[DATA SECTION]
= Beginning of Section =

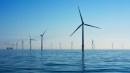 By 2040 there will be one million hectares of offshore wind turbines
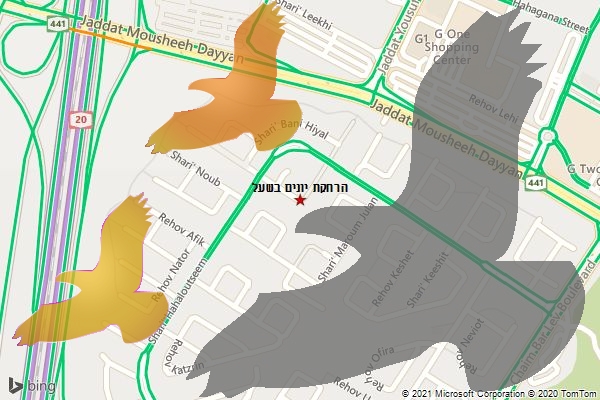 הרחקת יונים בשעל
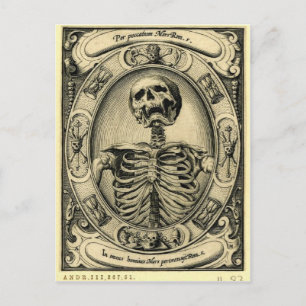 Carte Postale Memento Mori
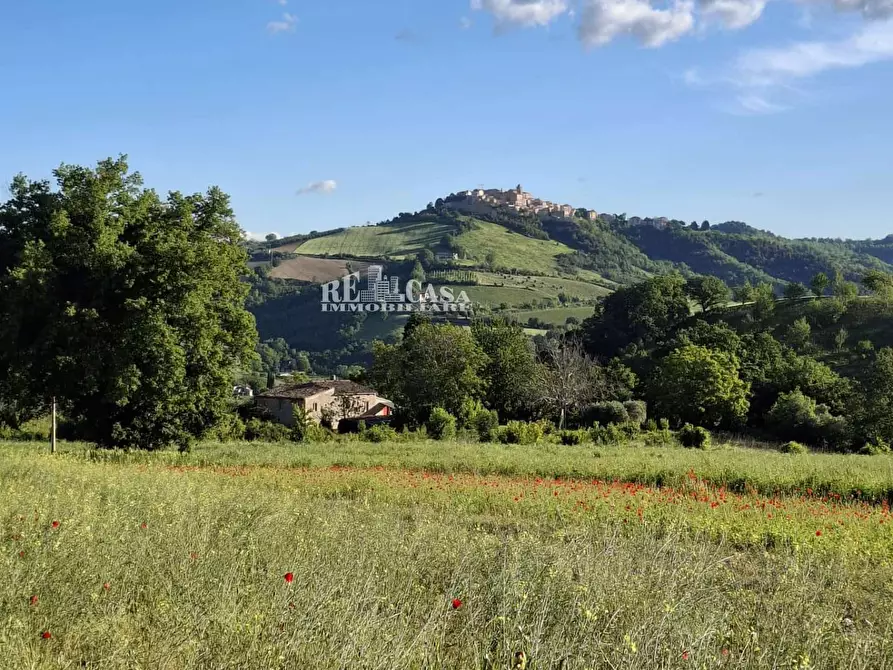 Immagine 68 di Rustico / casale in vendita  in contrada torbitello a Rotella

= End of Section =

All of the data should come back exactly as written, but without pictures.

 By 2040 there will be one million hectares of offshore wind turbines
 הרחקת יונים בשעל
 Carte Postale Memento Mori
 Immagine 68 di Rustico / casale in vendita  in contrada torbitello a Rotella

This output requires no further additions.